Huawei, troisième fabricant mondial de smartphone si l’on en croit IDC, a dévoilé il y a quelques semaines l’Ascend P8, un mobile qui se veut haut de gamme tout en proposant un tarif bien deçà des iPhone 6 et Galaxy S6. Les premiers tests sont tombés, qui globalement sont positifs, mais l’on s’étonne quand même que pas un média (ou presque) ne parle de la filiation (pourtant plus qu’évidente) du design de l’appareil, encore plus emprunté au dernier iPhone que ne peut l’être le S6 de Samsung.

Huawei Ascend P8

La tranche, le métal poli, les ouvertures pour les HP…tout rappelle l’iPhone 6

Même tranche « ronde » et polie, mêmes emplacements pour les bandes de l’antenne extérieure, mêmes ouvertures pour les HP, même design « à plat ». Le silence de la plupart des médias sur cette « inspiration » plus que visible donne en fait le sentiment que la multiplication des copies de design de l’iPhone a fini par fatiguer ou habituer l’oeil, pire, que tout cela est banal et donc finalement totalement acceptable. Le degré de copie importe somme toute assez peu, et l’on pressent bien que le P8 aurait pu se rapprocher encore plus franchement du design de l’iPhone 6 sans que cela ne soulève le moindre sourcil. Mine de rien, cette attitude d' »évitement » de l’évidence confirme de façon spectaculaire l’un des arguments rabâché en 2012 par Apple lors de son procès face à Samsung : la copie n’est pas avant tout un problème parce qu’elle induirait le consommateur en erreur (cela ne peut pas vraiment être le cas, un argument d’ailleurs souvent repris par les contrefacteurs pour se défendre), mais parce qu’elle « dilue » les signes distinctifs de la marque, qui sont a force moins distinctifs justement, au point de ne plus être considérés comme faisant partie de la marque elle-même.

huawei-ascend-p8

L’iPhone 6s…heu, l’Ascend P8

Le fait même que l’on puisse distinguer la copie de ce qui ne l’est pas prouve en sus que le design d’un iPhone ne se limite pas à ce qu’en disaient les propos les plus caricaturaux, c’est à dire à un simple rectangle avec des coins ronds. Tous les deux ans qui plus est, Apple renouvelle le design de son iPhone, et l’iPhone 6 est sans doute celui qui a introduit le changement le plus radical : ces fameuses tranches courbes et polies, ce côté « design industriel » et un peu rétro des ouvertures des HP, ce design général « à plat ». On retrouve tout cela sur le P8, et Huawei n’a même pas pris le soin d’attendre une génération supplémentaire avant de faire comme si le design pourtant propre à l’iPhone ne lui appartenait déjà plus.

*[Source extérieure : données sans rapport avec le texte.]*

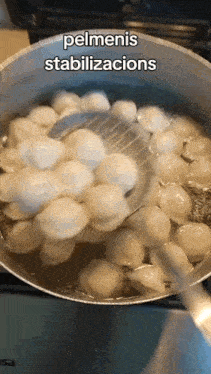 a pot of pelmeni is being stirred with a spoon and the words pelmenis stabilizacions are above it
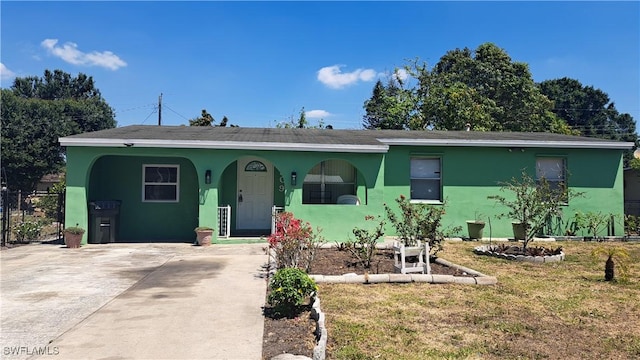 509 W Obispo Ave, Clewiston, FL 33440 - view of front of house with stucco siding, driveway, a front yard, and fence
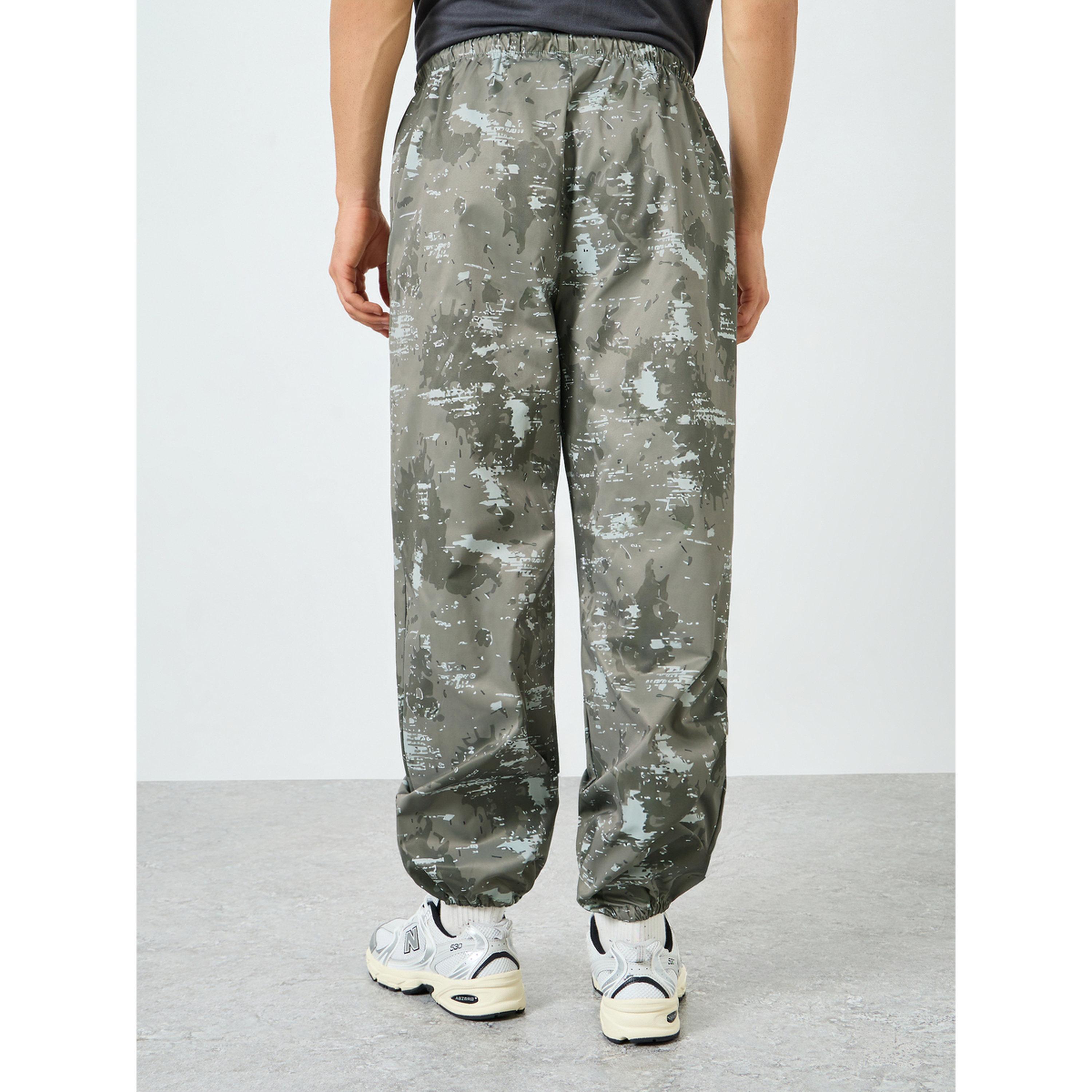 Styli Men Olive Printed Relaxed Track Pants-men-clothing-sportswearandactivewear-bottoms-joggers-image-4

La multiplication, rapide qui plus est, de smartphones très inspirés de l’iPhone 6 a toutes les chances d’accélérer l’impression que ce dernier ne se distingue pas vraiment de ses copies, si ce n’est pour une raison qui n’a pas grand chose à voir avec le design hardware : son interface, qui est encore l’élément le plus repérable du premier coup d’oeil.

Galaxy S6 vs iPhone 6 Bas

Ici l’iPhone 6 sur le Galaxy S6; un très fort air de ressemblance…

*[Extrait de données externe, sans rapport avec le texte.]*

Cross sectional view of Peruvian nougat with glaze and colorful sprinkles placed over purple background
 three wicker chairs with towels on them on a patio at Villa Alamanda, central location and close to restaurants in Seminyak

Reste alors une question : pourquoi la justice, qui protège fermement les brevets de design dans la plupart des secteurs de la production matérielle, semble se montrer finalement très laxiste dès lors qu’il s’agit du secteur des smartphones ? Nul ne le sait vraiment, et sans doute que le fait qu’Apple réussisse à écouler ses iPhone par dizaines de millions ne contribue pas à donner le sentiment que la copie puisse réellement nuire à ses ventes. Mais demain ? Huawei est déjà numéro 3, et comme par le plus grand des hasards, c’est au moment où le fabricant suit le design de l’iPhone à la culotte que les ventes explosent à ce point. La même chose pouvait déjà être dite en 2010 au sujet de Samsung, au moment de l’envol des ventes de Galaxy S1 (Samsung ne pesait rien avant sur le marché du smartphone), dont le design était alors une copie quasi-conforme de celui de l’iPhone 3GS.

Huawei suit à la trace une technique éprouvée : « rappeler » le design du smartphone « leader » sur le marché tout en proposant un prix bien en deçà de l’appareil référence. Le même « procédé » appliqué sur un tout autre marché, et l’on ne serait pas loin de parler de contrefaçon. L’on pourra toujours dire que Jonathan Ive peut encore proposer un nouveau design pour l’iPhone…mais c’est bien ce qu’il fait déjà, tous les deux ans en fait, au risque de faire perdre au smartphone d’Apple son design iconique, par la multiplication des copies et les évolutions de design sensées distancer – en vain – les copieurs. A ce petit jeu, il n’est pas dit qu’Apple s’en sorte toujours gagnant…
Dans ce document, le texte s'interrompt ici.